Please contact Zach via e-mail.

Two 1D Mark IVs served as my workhorse camera bodies for more than four years. The 1.3crop factor allows for extra reach in a fast, rugged pro body. Zach’s 1D IV is priced to sell. artie

The Streak: 321!

Today’s blog post marks a totally insane, irrational, illogical, preposterous, absurd, completely ridiculous, unfathomable, silly, incomprehensible, what’s wrong with this guy?, makes-no-sense, 321 days in a row with a new educational blog post. There should be no end in sight until my big South America trip next fall. Or not… As always-–and folks have been doing a really great job recently–-please remember to use our B&H links for your major gear purchases. For best results use one of our many product-specific links; after clicking on one of those you can continue shopping with all subsequent purchases invisibly tracked to BAA. Your doing so is always greatly appreciated. Please remember: web orders only. And please remember also that if you are shopping for items that we carry in the new BAA Online Store (as noted in red at the close of this post below) we would appreciate your business.


great-blue-heron-with-saltwater-catfish-_w5a2762-fort-desoto-county-park-fl

This image was created on the first afternoon of the Fort DeSoto Fall IPT with the Induro GIT 304L/Mongoose M3.6-mounted Canon EF 500mm f/4L IS II USM lens, the Canon Extender EF 2X III, and the Canon EOS 5D Mark IV. ISO 3200. Evaluative metering at zero: 1/800 sec. at f/9 in Manual Mode was a 1/3 stop underexposure. Daylight WB.

I selected the AF point two up from the center AF point/AI Servo Surround/Shutter Button AF as framed was active at the moment of exposure. The selected AF point was on the bottom of the bird’s neck right on the same plane as the bird’s eye.

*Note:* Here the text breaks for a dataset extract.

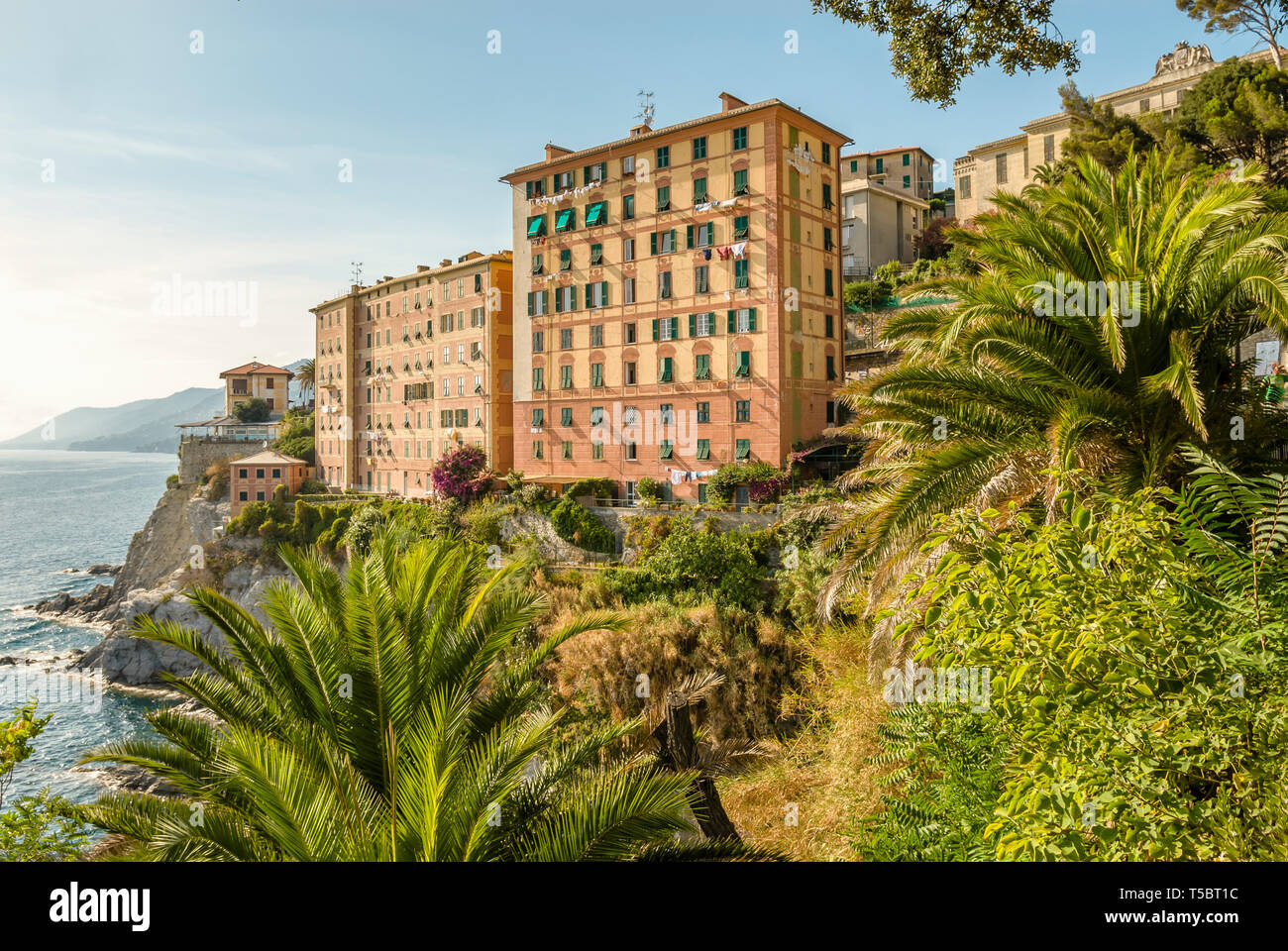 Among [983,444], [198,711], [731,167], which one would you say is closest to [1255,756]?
[983,444]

LensAlign/FocusTune micro-adjustment: -5.

Great Blue Heron/immature with saltwater catfish

The First Afternoon

I have a small but great group. Three multiple IPT veterans and two newbies. And one more multiple IPT veteran arriving on Thursday evening. All nice. All happy campers. It was a cloudy afternoon filled with tame Short-billed Dowitchers, tame Willets, tame Least Sandpipers, tame Great Egrets, and a fishing Snowy Egret attracting baitfish by splashing the water with its bill. Only Bob DeCroce got on a Great Egret with a pretty decent fish. And then it happened; I looked up and saw a Great Blue Heron flying right at us with a big catfish in its bill. It dropped the fish on the grass and I prayed for it to pick it up. It did, and eventually ate the whole thing (much to our delight)! After the GBH’s fish dinner it was high fives all around.

5D IV ISO 3200

Whaddya think?


great-blue-heron-just-after-swallowing-catfish-_w5a2795-fort-desoto-county-park-fl

This image was created on the first afternoon of the Fort DeSoto Fall IPT with the Induro GIT 304L/Mongoose M3.6-mounted Canon EF 500mm f/4L IS II USM lens, the Canon Extender EF 2X III, and the Canon EOS 5D Mark IV. ISO 1600. Evaluative metering at zero: 1/400 sec. at f/9 was perfect. Daylight WB.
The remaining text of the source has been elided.